Using the data below, reproduce exactly the lines from the line with "Sandbar 124 - Hosted" to the line with "Алюминиевый светодиодный настенный", both included; pictures must be dropped.

**Supplied material:**
○ ○ ○ ○ ○

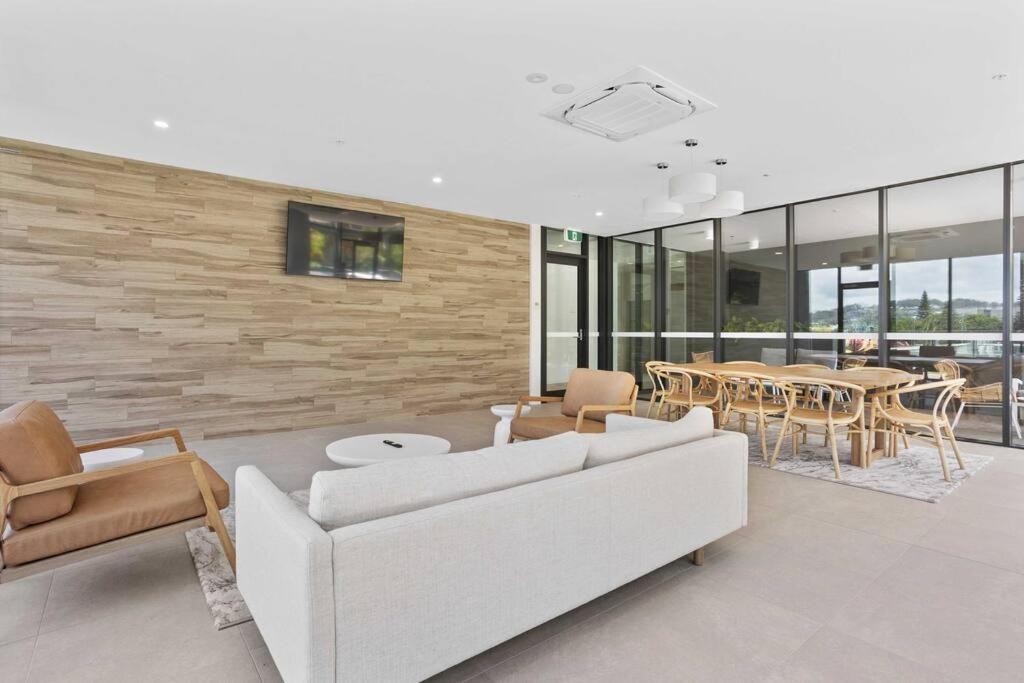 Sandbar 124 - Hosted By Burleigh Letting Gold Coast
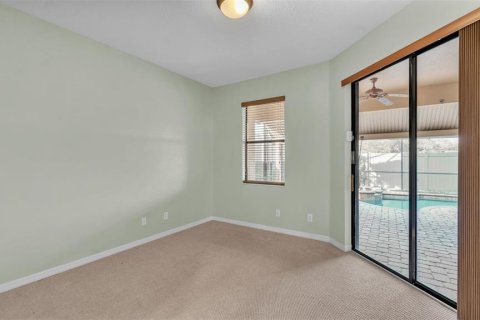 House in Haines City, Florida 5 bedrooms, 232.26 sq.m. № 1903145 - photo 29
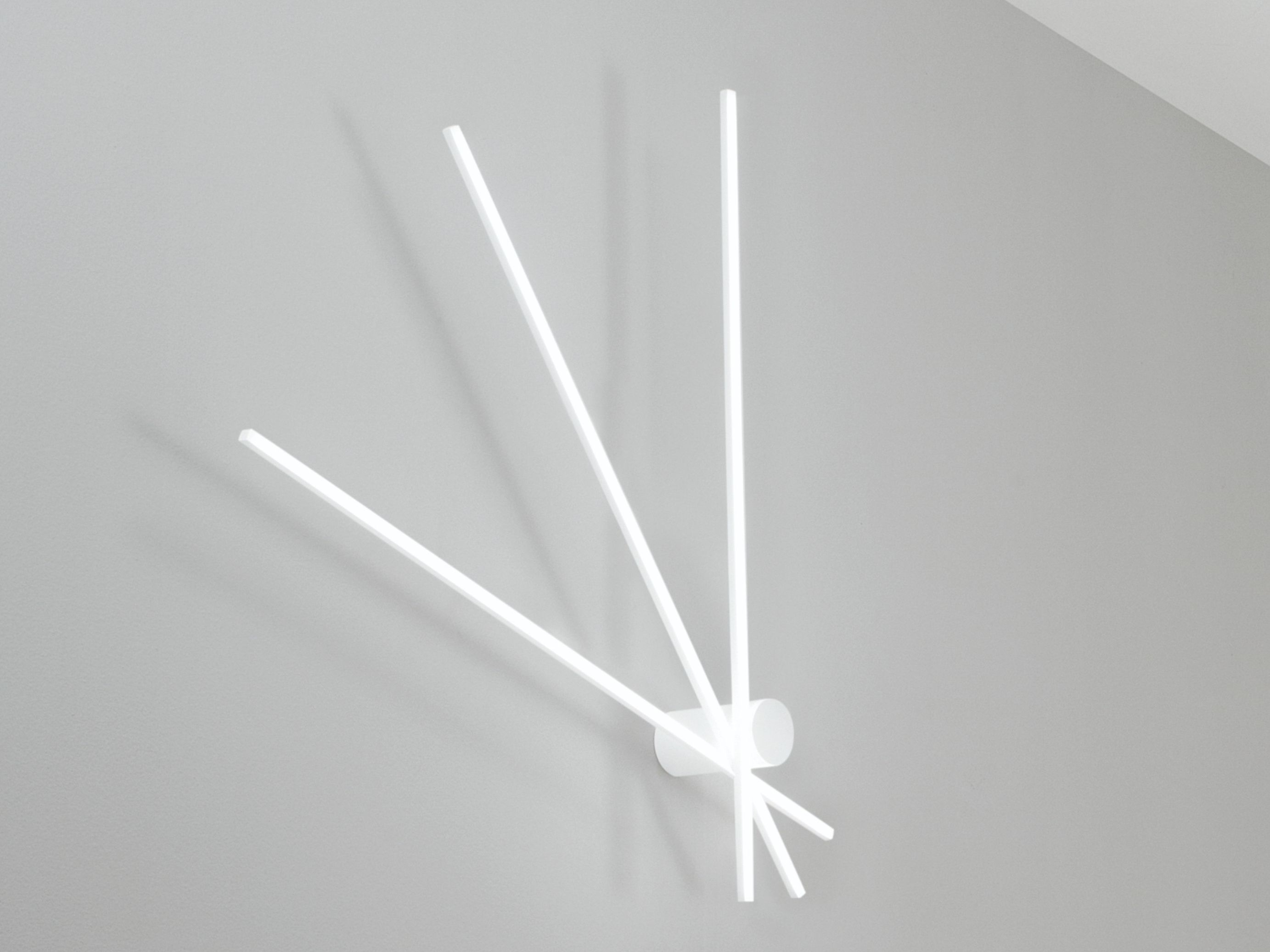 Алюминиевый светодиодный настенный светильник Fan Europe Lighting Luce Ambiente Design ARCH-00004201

○ ○ ○ ○ ○

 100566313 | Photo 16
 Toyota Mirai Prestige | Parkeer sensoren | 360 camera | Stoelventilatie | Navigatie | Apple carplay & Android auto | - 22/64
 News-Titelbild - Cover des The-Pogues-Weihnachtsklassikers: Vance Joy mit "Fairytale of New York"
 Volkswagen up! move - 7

○ ○ ○ ○ ○

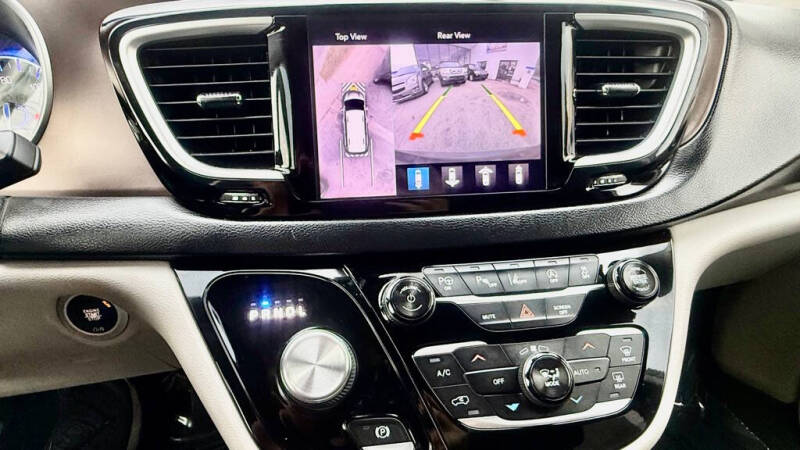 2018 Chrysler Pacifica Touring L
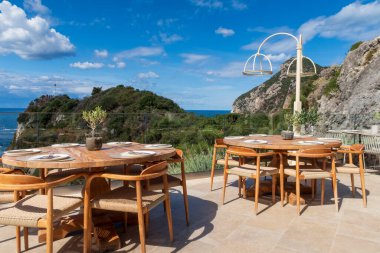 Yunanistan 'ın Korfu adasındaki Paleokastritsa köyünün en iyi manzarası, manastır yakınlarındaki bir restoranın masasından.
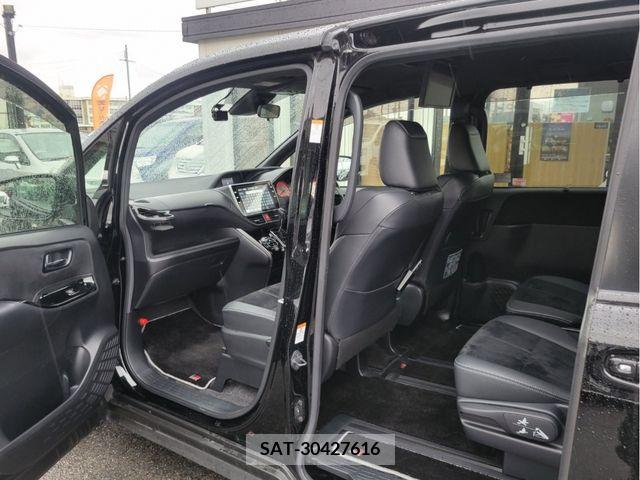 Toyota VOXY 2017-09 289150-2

○ ○ ○ ○ ○

**Output of the exercise:**
 Sandbar 124 - Hosted By Burleigh Letting Gold Coast
 House in Haines City, Florida 5 bedrooms, 232.26 sq.m. № 1903145 - photo 29
 Алюминиевый светодиодный настенный светильник Fan Europe Lighting Luce Ambiente Design ARCH-00004201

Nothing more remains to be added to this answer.